[Start of section]

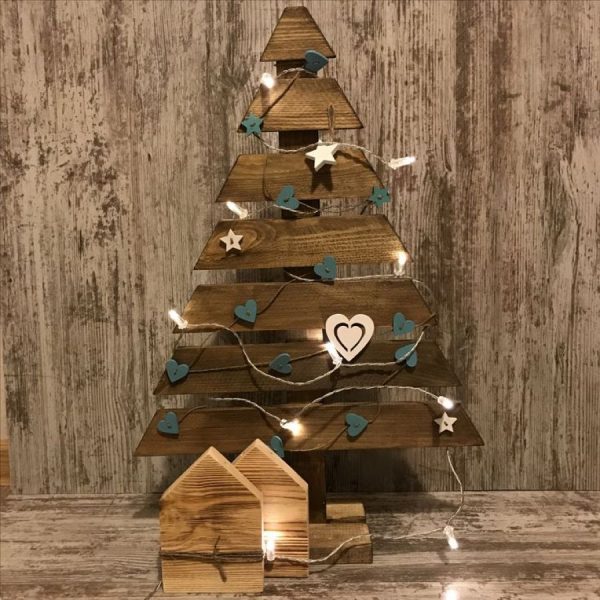Pomul de Crăciun format din blocuri de lemn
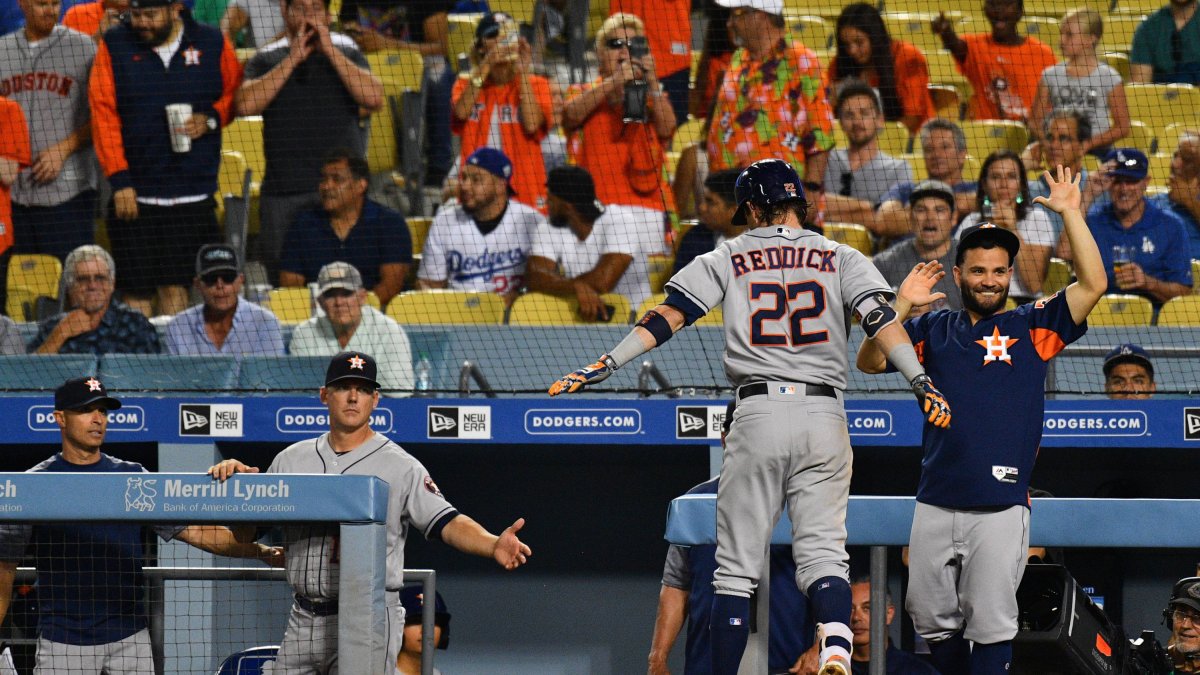 El jardinero derecho de los Astros de Houston Josh Reddick es saludado por el segunda base de los Astros de Houston José Altuve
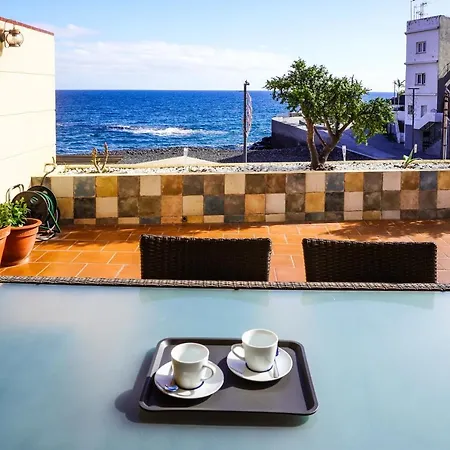 Sky & Sea, The House By The Holiday home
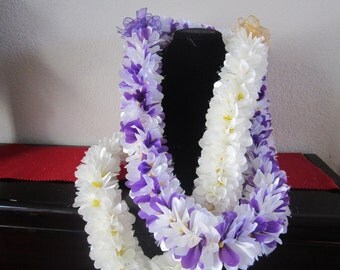 White Ginger Ribbon Leis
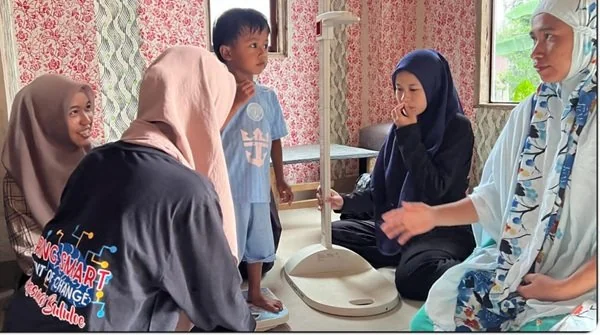 Petugas Puskesmas Bululoe dan para remaja jaring smart saat memberikan arahan ke rumah warga (Dok : Ist)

[End of section]

From the line with "Sky & Sea, The House By The Holiday home" through the final line of the data above, copy everything exactly, both ends included, but not the pictures.

#### Reply to the task
 Sky & Sea, The House By The Holiday home
 White Ginger Ribbon Leis
 Petugas Puskesmas Bululoe dan para remaja jaring smart saat memberikan arahan ke rumah warga (Dok : Ist)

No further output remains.